TASK REQUIREMENTS:
Every line in the listing below from the one with "33A McKerrow Street, Te Anau" through the one with "ポストモダンシンプルクリエイ" is to be reproduced exactly, both ends included; leave out the rest.

INPUT RECORDS:
# # #
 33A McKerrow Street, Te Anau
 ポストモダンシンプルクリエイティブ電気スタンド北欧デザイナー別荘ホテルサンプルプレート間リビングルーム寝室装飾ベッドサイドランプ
# # #
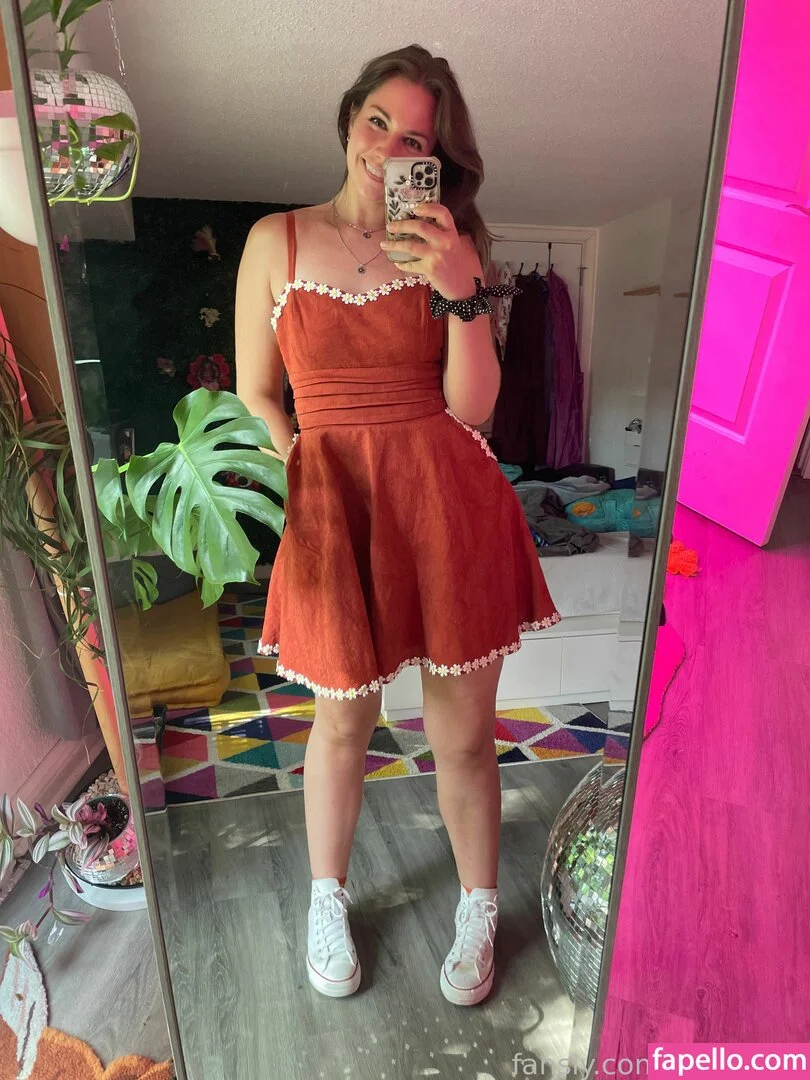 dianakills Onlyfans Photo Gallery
# # #
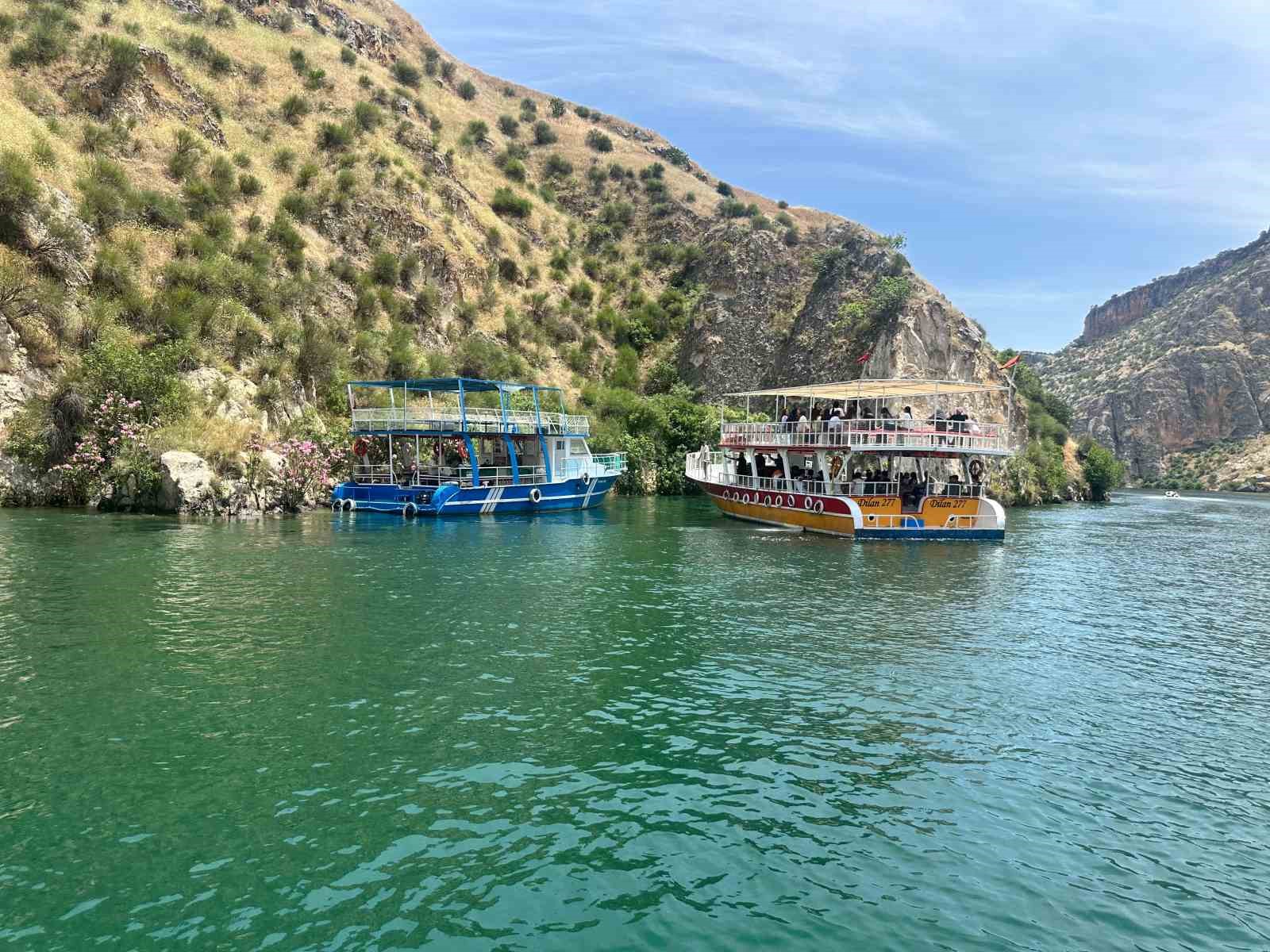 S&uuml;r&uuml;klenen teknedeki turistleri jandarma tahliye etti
# # #
ANSWER:
 33A McKerrow Street, Te Anau
 ポストモダンシンプルクリエイティブ電気スタンド北欧デザイナー別荘ホテルサンプルプレート間リビングルーム寝室装飾ベッドサイドランプ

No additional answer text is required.